SCG works alongside and in support of partners, including police, gendarme, military, corrections, and border security forces and institutions, in highly challenging environments and under imperative strategic circumstances, to embed knowledge and processes so they can be replicated over time and sustained by the recipient after assistance ends.  

We integrate and align proven international practices and techniques with localized needs, requirements, and expertise. Evidence is integrated into decision making, informing policy, programming, budgeting, operations, and training using continuous learning processes and feedback loops.  Policies, processes, and practices are tailored to ensure recipients can implement and replicate them, enhancing the likelihood of their dissemination, adoption, and replication over time. When assistance is provided through a strategic capacity building approach, it enhances the likelihood of impactful and sustainable results.

The SCG Difference

Strategic Capacity Group consistently delivers excellence and value—bespoke, responsive, evidence-based solutions to complex problems in highly challenging environments and under imperative strategic circumstances.  At SCG, Return on Investment (ROI) guides design decisions across the project cycle.

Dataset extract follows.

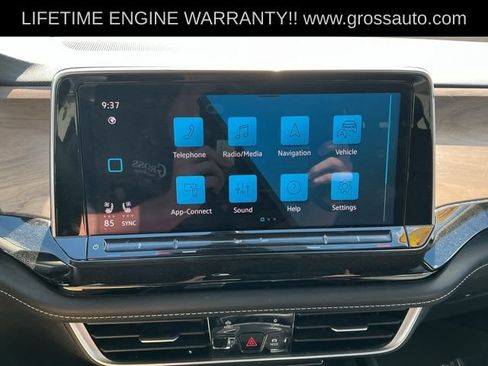 Used 2024 Volkswagen Atlas SE AWD/4WD image 16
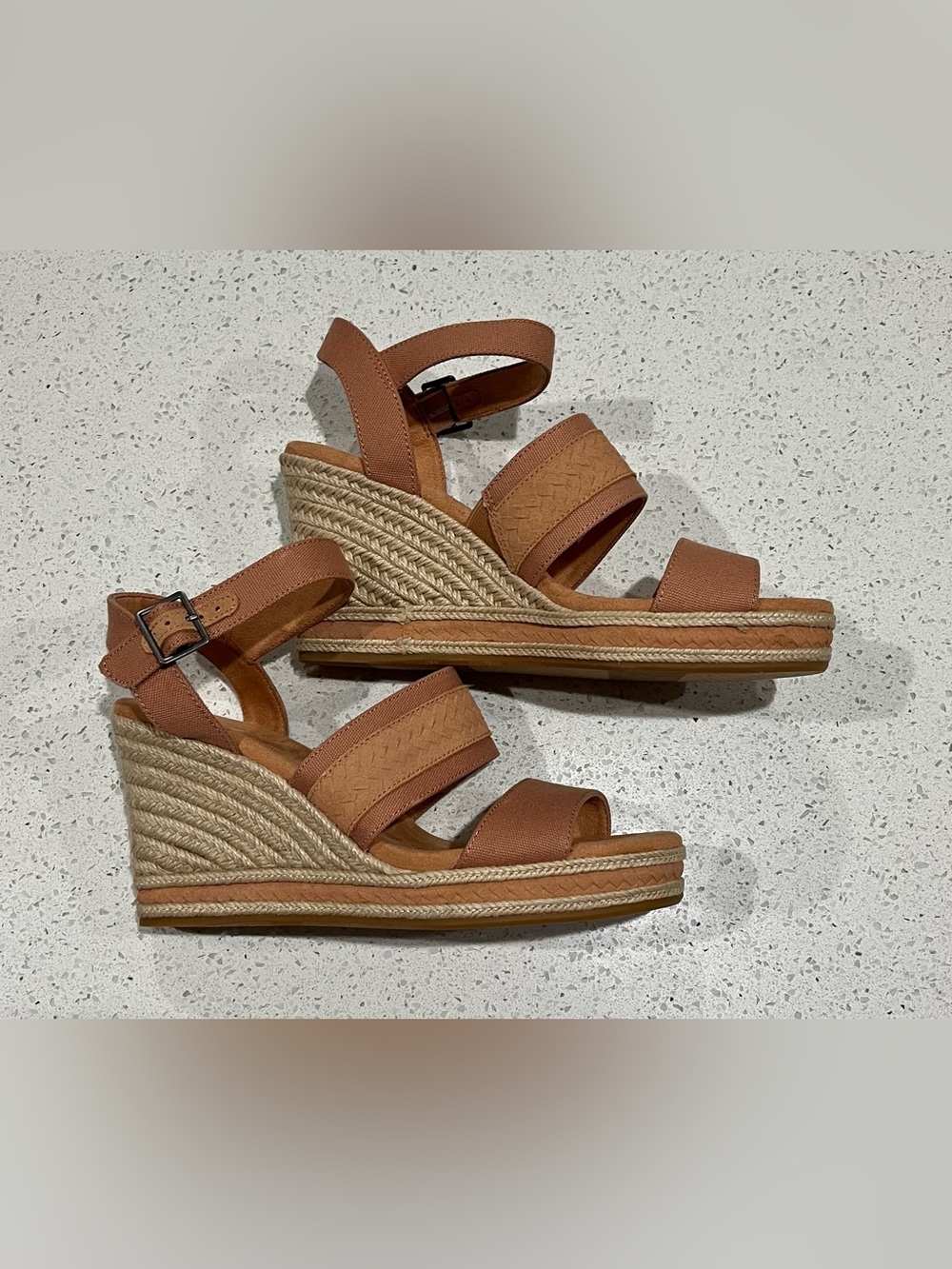 Tom’s Madelyn Sandy Beige Women’s Wedge Platform Sandals Size 9.5 New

At SCG, we deliver. Quality. Results. Excellence.

The SCG Story

SCG began with an idea. Reforming security sectors rather than merely provisioning them can break the cycle of dependency on foreign assistance. Despite years of effort and billions of dollars in donor funding, recipient countries continued to struggle to contain terrorism, organized crime, and other sources of instability and to protect their governments and their citizens. 

Dr. Querine Hanlon founded SCG in 2013 on the premise that donor and recipient efforts are most sustainable and successful when assistance is designed and delivered as part of a strategic capacity building approach.  As Dr. Hanlon and fellow founding Board Member Dr. Richard H. Shultz, Jr., wrote in Prioritizing Security Sector Reform, today’s fragile environments feature states that cannot fulfill their most basic function because “security sector institutions and forces are absent, ineffective, predatory, or illegitimate…. An SSR approach builds forces that protect populations and partner governments rather than exploit and prey on them. Such an approach also provides a smaller-footprint, less costly alternative to a larger nation-building effort. Because it focuses more narrowly on the security sector but with an approach aimed at improving how the security sector is governed, SSR is designed to address the security sector dysfunctions that impede other social, political, and economic reforms.” 

Dr. Querine Hanlon’s capacity building and institution building experience in government and implementing programs for both the U.S. Department of Defense and U.S. Department of State shaped  SCG’s mission and SCG’s articulation of a clear problem – solution set. The prevailing approach of funding tools and equipment over sustainable reform—strategic capacity building—proved  shortsighted, created misleading evidence of progress, and generated very low return on investment (ROI). Reflected in both the name and mission of the organization, strategic capacity building transforms security sectors by building human capacity through training and advising and develops institutional capacity by strengthening iterative functions and processes such as operations, planning, training, human resources, and budgeting. By embedding tools—and the know-how to use them—into institutional processes, SCG ensures reforms can be replicated over time. Put simply, SCG’s goal is “change that sticks.”

In the more than a decade since its founding, SCG remains at the forefront of shaping the future of security sector reform through innovative programming. From its first project supporting border security reforms in Tunisia, SCG’s programming has expanded worldwide to include maritime security and forensics reform in the Caribbean, media and strategic communications programming in Asia and Africa, training institution and curricular reform in Africa and Latin America, and police, public order, and corrections reforms worldwide.  SCG has also served as a trusted partner, advising governments and organizations how to design and implement innovative and impactful security sector programming around the world that advances security and delivers measurable results.

Tools and Solutions

  • Embedding security sector best practices;
  • Building intellectual and institutional capital;
  • Producing substantive threat, institutional, and gap assessments;
  • Conducting monitoring and evaluation of security sector assistance programs;
  • Producing policy relevant guidance and research;
  • Facilitating regional cross-border engagement and inter-ministerial coordination;
  • Training and educating mid- and high-ranking officials, military and civilian security officers, and civil society; and
  • Designing modernization programs for military and law enforcement academies.​

Strategic Capacity delivers sustainable change.